Unlike skills, memory is always injected—there is no progressive disclosure. Keep memory minimal to avoid context overload; use skills for detailed workflows and domain-specific content. See Memory for configuration details.

Skills

Skills provide on-demand capabilities. The agent reads frontmatter from each SKILL.md at startup, then loads full skill content only when it determines the skill is relevant. This reduces token usage while still providing specialized workflows:

agent = create_deep_agent(
    model="google_genai:gemini-3.5-flash",
    skills=["/skills/research/", "/skills/web-search/"],
)

agent = create_deep_agent(
    model="openai:gpt-5.5",
    skills=["/skills/research/", "/skills/web-search/"],
)

agent = create_deep_agent(
    model="anthropic:claude-sonnet-4-6",
    skills=["/skills/research/", "/skills/web-search/"],
)

agent = create_deep_agent(
    model="openrouter:z-ai/glm-5.2",
    skills=["/skills/research/", "/skills/web-search/"],
)

agent = create_deep_agent(
    model="fireworks:accounts/fireworks/models/glm-5p2",
    skills=["/skills/research/", "/skills/web-search/"],
)

agent = create_deep_agent(
    model="baseten:zai-org/GLM-5.2",
    skills=["/skills/research/", "/skills/web-search/"],
)

agent = create_deep_agent(
    model="ollama:north-mini-code-1.0",
    skills=["/skills/research/", "/skills/web-search/"],
)

Keep each skill focused on a single workflow or domain; broad or overlapping skills dilute relevance and bloat context when loaded. Within a skill, keep the main content concise and move detailed reference material to separate files that are referenced in the skill file. Put always-relevant conventions in memory. See Skills for authoring and configuration.

Tool prompts

Tool prompts are instructions that shape how the model uses tools. All tools expose metadata the model sees in its prompt—typically a schema and a description. Tools you pass via the tools parameter surface that tool metadata (schema and descriptions) to the model. A deep agent’s built-in tools are packaged in the default middleware stack and typically also update the system prompt with more guidance for those tools. Built-in tools: Middleware that adds harness capabilities (planning, filesystem, subagents) automatically appends tool-specific instructions to the system prompt, creating tool prompts that explain how to use those tools effectively. See Customization for the full list:

Planning prompt – Instructions for write_todos to maintain a structured task list
Filesystem prompt – Documentation for ls, read_file, write_file, edit_file, delete, glob, grep (and execute when using a sandbox backend)
Subagent prompt – Guidance for delegating work with the task tool
Human-in-the-loop prompt – Usage for pausing at specified tool calls (when interrupt_on is set)
Local context prompt – Current directory and project info (CLI only)
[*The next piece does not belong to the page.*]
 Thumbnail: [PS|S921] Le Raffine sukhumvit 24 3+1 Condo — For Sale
Tools you provide: Tools passed via the tools parameter get their descriptions (from the tool schema) sent to the model. You can also add custom middleware that adds tools and appends its own system prompt instructions. For tools you provide, make sure to provide a clear name, description, and argument descriptions. These guide the model’s reasoning about when and how to use the tool. Include when to use the tool in the description and describe what each argument does.
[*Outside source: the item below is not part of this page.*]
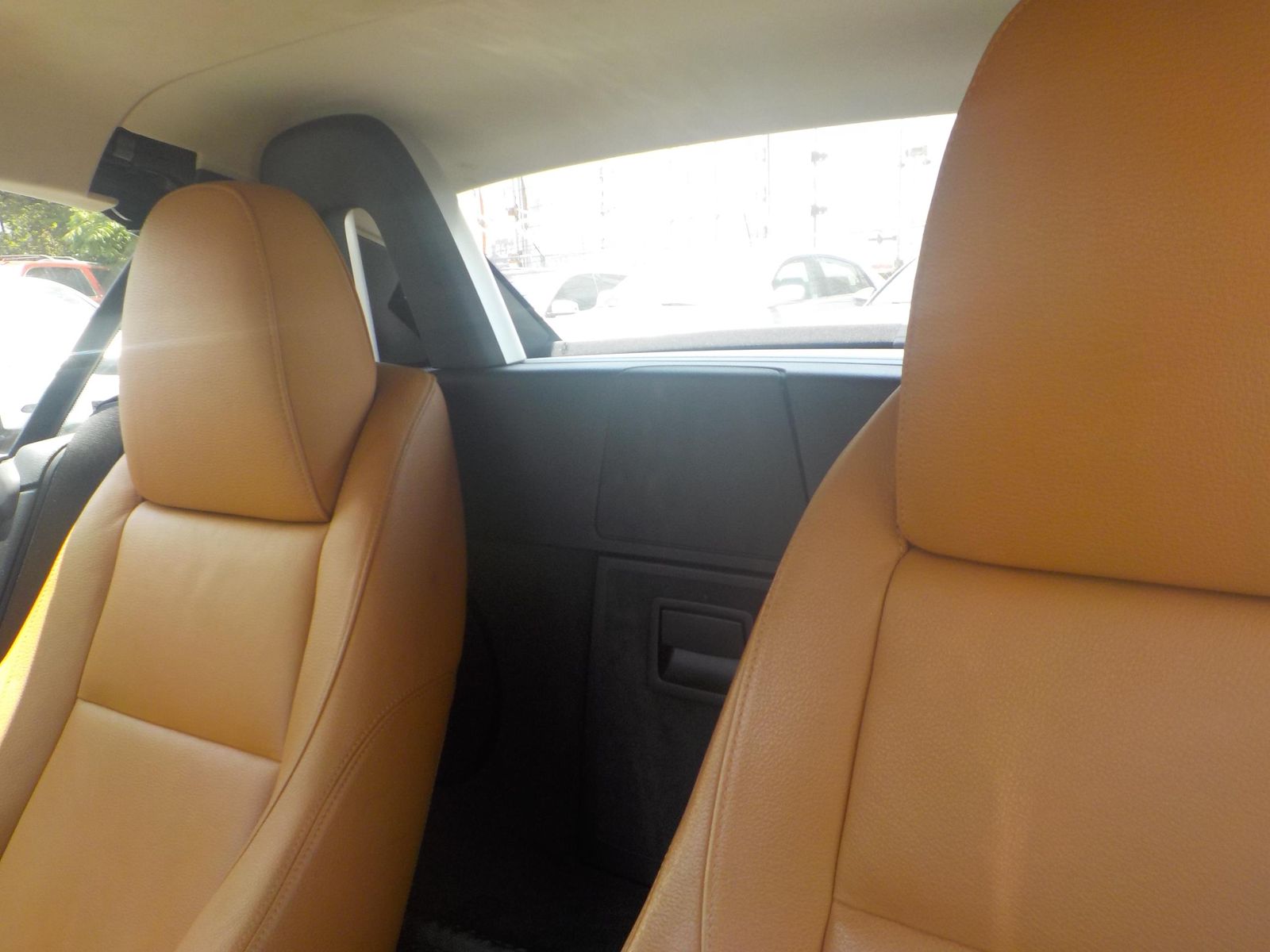 2012 BMW Z4 sDrive35i RWD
from langchain.tools import tool


@tool(parse_docstring=True)
def search_orders(
    user_id: str,
    status: str,
    limit: int = 10,
) -> str:
    """Search for user orders by status.

    Use this when the user asks about order history or wants to check
    order status. Always filter by the provided status.

    Args:
        user_id: Unique identifier for the user
        status: Order status: 'pending', 'shipped', or 'delivered'
        limit: Maximum number of results to return
    """
    # Implementation here
    return f"orders for {user_id} with status {status} (limit {limit})"

To override a built-in or user-supplied tool’s description for a specific provider or model, use a harness profile’s tool_description_overrides keyed by tool name. excluded_tools removes a tool from the visible tool set entirely.
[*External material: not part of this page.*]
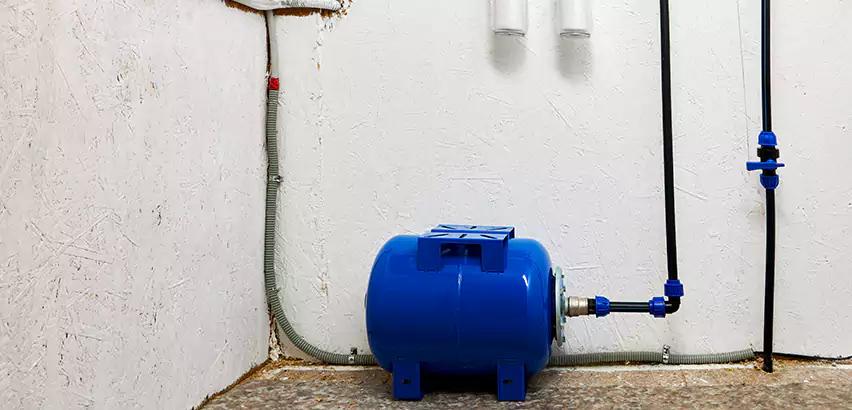 Wellmate Pressure Tank Bladder Replacement in SeaTac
See Overview for built-in capabilities and Customization for passing tools directly.

Complete system prompt

The deep agent’s system message—the assembled system prompt the model receives at the start of a run—consists of the following parts:

Custom system_prompt (if provided)
Base agent prompt
To-do list prompt: Instructions for how to plan with to do lists
Memory prompt: AGENTS.md + memory usage guidelines (only when memory provided)
Skills prompt: Skills locations + list of skills with frontmatter information + usage (only when skills provided)
Virtual filesystem prompt (filesystem + execute tool docs if applicable)
Subagent prompt: Task tool usage
User-provided middleware prompts (if custom middleware is provided)
Human-in-the-loop prompt (when interrupt_on is set)

Runtime context

Runtime context is per-run configuration you pass when you invoke the agent. It is not automatically included in the model prompt; the model only sees it if a tool, middleware, or other logic reads it and adds it to messages or the system prompt. Use runtime context for user metadata (IDs, preferences, roles), API keys, database connections, feature flags, or other values your tools and harness need. Define the shape of that data with context_schema: use a dataclasses.dataclass or typing.TypedDict class. Pass values with the context argument to invoke / ainvoke. See Runtime and LangGraph runtime context for full detail. Inside tools, read context from the injected ToolRuntime:

from dataclasses import dataclass

from deepagents import create_deep_agent
from langchain.tools import ToolRuntime, tool


@dataclass
class Context:
    user_id: str
    api_key: str


@tool
def fetch_user_data(query: str, runtime: ToolRuntime[Context]) -> str:
    """Fetch data for the current user."""
    user_id = runtime.context.user_id
    return f"Data for user {user_id}: {query}"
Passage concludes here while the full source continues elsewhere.